Colombia third deadliest for environmental activists

2015 marks highest annual global death toll

By Richard McColl

BOGOTA, Colombia (AA) – Colombia remains one of the deadliest places for environmental activists, according to a new report released Monday.

With 26 deaths in 2015, the country is the third most dangerous, UK-based Global Witness said.

Colombia ranks behind only Brazil and the Philippines with 50 and 33 deaths, respectively.

Last year marked the highest worldwide annual death toll on record with 185 fatalities, marking a 59 percent increase compared to 2014.

The report, On Dangerous Ground, sheds light on the particular vulnerabilities of indigenous people, whose weak land rights and geographic isolation make them frequent targets of land and resource grabbing.

In 2015, almost 40 percent of victims were from indigenous groups.

“As demand for products like minerals, timber and palm oil continues, governments, companies and criminal gangs are seizing land in defiance of the people who live on it,” Global Witness campaign leader Billy Kyte said in a statement. “Communities that take a stand are increasingly finding themselves in the firing line of companies’ private security, state forces and a thriving market for contract killers. For every killing we document, many others go unreported. Governments must urgently intervene to stop this spiraling violence.”

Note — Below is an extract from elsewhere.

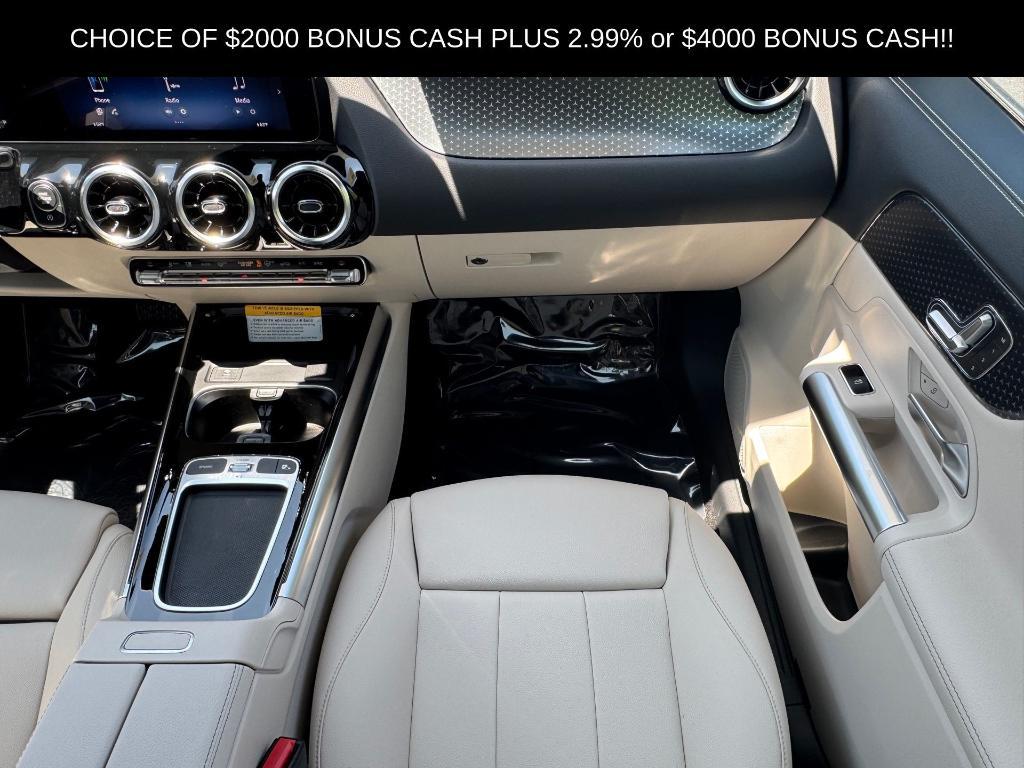new 2025 Mercedes-Benz GLA 250 car, priced at $44,250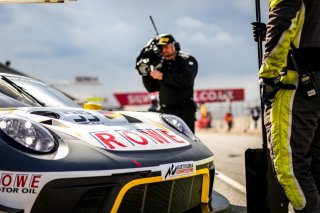 Pit-lane, Pre-Qualifying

The Embera Chami indigenous group have been practicing small-scale, environmentally responsible, gold mining in their ancestral lands of the Canamomo Lomaprieta Indigenous Reserve for hundreds of years. But despite traditional authorities declaring the land off-limits to exploitation, the Colombian government has approved mining concessions in the area.

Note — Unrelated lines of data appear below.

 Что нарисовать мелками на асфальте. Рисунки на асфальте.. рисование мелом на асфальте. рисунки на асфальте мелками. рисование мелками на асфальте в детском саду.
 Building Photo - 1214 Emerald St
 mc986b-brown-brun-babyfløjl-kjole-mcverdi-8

That has paved the way for prospecting by multinational mining companies such as AngloGold Ashanti and, for illegal mining by armed groups that have also moved in.

“We have serious conflicts with the state about their mining vision. They say that the subsoil is theirs; we say that the land is one with the subsoil; you cannot separate it from a spiritual point of view. This is the war we are waging ... to have the air, the land, the subsoil together,” the chief governor of the Canamomo Lomaprieta Indigenous Reserve in central Colombia said in the report.

Global Witness investigates and advocates for change by exposing economic networks behind conflicts, corruption and environmental destruction and has urged the Colombian government to increase protection for land and environmental activists at risk of violence, intimidation or threats.

More than three victims were killed per week in 2015 while defending land, forests and rivers against destructive industries, according to Global Witness.